[Box Backup] BoxBackup Server Side Management Specs (Draft0.01)

Garry Glendown boxbackup@fluffy.co.uk
Thu, 23 Sep 2004 07:51:54 +0200


richard_eigenmann wrote:
> If we implemented such a kind of "backup recognition" algorythm this could
> speed up backups of remote laptops as perhaps the documents the laptop user
> has been working on have already been backed up from users back at the base.
> 
> I imagine this sort of feature could save somewhere between 0.5 and 5 GB per
> workstation that is doing a full backup. This could be significant to the
> scalability of the boxbackup.
> 
> Of course this sort of thing probably would lead to massive redevelopment of
> code and should only be undertaken if there is a very strong demand.

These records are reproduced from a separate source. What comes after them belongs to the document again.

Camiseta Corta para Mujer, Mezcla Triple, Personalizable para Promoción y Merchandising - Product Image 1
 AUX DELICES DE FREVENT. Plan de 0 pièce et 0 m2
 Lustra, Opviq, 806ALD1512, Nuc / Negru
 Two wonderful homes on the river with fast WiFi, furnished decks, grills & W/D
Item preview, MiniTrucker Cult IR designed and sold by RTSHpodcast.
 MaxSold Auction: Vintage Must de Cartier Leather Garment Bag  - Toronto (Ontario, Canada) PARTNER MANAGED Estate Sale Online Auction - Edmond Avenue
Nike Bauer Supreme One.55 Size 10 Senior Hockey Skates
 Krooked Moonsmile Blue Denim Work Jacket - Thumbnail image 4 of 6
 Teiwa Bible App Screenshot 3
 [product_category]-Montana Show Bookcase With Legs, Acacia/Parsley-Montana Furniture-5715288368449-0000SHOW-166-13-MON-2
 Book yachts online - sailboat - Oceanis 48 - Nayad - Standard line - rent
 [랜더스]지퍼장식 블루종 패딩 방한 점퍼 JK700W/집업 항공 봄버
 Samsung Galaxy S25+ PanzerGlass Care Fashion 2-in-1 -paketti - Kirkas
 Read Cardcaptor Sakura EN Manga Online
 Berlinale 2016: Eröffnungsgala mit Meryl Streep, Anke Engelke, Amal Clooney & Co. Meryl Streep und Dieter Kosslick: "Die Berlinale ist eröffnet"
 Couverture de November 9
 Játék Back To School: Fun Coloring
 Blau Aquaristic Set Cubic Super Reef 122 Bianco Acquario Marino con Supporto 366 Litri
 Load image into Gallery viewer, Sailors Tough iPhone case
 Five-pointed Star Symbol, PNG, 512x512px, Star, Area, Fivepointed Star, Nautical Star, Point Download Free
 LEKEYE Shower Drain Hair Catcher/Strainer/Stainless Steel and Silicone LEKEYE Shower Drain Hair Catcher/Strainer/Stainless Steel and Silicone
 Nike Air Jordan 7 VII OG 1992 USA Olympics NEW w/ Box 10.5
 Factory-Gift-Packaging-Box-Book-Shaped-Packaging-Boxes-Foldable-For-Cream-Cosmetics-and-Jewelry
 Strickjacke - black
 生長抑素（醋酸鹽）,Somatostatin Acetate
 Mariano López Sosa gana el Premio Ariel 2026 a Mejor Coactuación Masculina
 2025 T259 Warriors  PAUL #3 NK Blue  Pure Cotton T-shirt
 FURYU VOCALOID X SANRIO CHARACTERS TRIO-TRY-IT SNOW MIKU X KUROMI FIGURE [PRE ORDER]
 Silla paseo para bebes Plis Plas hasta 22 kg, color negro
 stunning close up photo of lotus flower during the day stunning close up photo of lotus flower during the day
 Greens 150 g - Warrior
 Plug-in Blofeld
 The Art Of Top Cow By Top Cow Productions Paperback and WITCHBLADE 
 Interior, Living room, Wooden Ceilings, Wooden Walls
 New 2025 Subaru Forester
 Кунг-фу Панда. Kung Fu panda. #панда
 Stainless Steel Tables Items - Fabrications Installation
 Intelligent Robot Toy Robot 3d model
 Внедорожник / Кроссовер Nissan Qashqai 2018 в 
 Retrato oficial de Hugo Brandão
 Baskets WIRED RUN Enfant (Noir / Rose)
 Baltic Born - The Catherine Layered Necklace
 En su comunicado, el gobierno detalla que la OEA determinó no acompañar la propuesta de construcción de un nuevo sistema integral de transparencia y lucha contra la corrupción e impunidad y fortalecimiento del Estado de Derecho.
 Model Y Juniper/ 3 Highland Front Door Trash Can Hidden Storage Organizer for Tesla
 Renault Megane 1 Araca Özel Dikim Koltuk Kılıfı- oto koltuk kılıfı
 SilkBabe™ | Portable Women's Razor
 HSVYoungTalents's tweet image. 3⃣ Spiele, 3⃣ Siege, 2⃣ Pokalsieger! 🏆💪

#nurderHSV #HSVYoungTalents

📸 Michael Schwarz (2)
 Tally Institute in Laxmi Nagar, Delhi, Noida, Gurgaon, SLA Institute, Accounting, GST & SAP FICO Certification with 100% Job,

I for
> one don't need it.

Your suggestion might have been derived from what some companies already 
sell as backup solutions ... e.g., InterXion, a large hoster, is selling 
exactly this feature set ... they say they have all mayor Windows 
version and many M$ apps "on file" and if the version found on the 
client machine matches the one on file, it is only stored as reference 
... they even do this for other files, dynamically extending this to 
everything stored on their server ... IIRC, they still store 3 copies of 
each file even with matches ...

Setting up such a feature will probably require a database of MD5 (or 
similar) checksums, filesize plus possibly file names (to reduce search 
time, at the cost of maybe not recognizing a match, but at the gain of 
reducing theoretical overlaps in MD5 checksum) ... probably want to 
define a minimum file size below which you wouldn't want to do all the 
searching/md5'ing due to little gain by matches ... plus if a file is 
used as a reference, the server must maintain it as long as there are at 
least 1 references to it ... if it is changed or deleted on the server 
it originated at, the old version must be kept intact for the other 
backups ... some work, but doable ...

But then, at the moment a nice frontend for M$-users might be of a 
slightly higher importance ...

-gg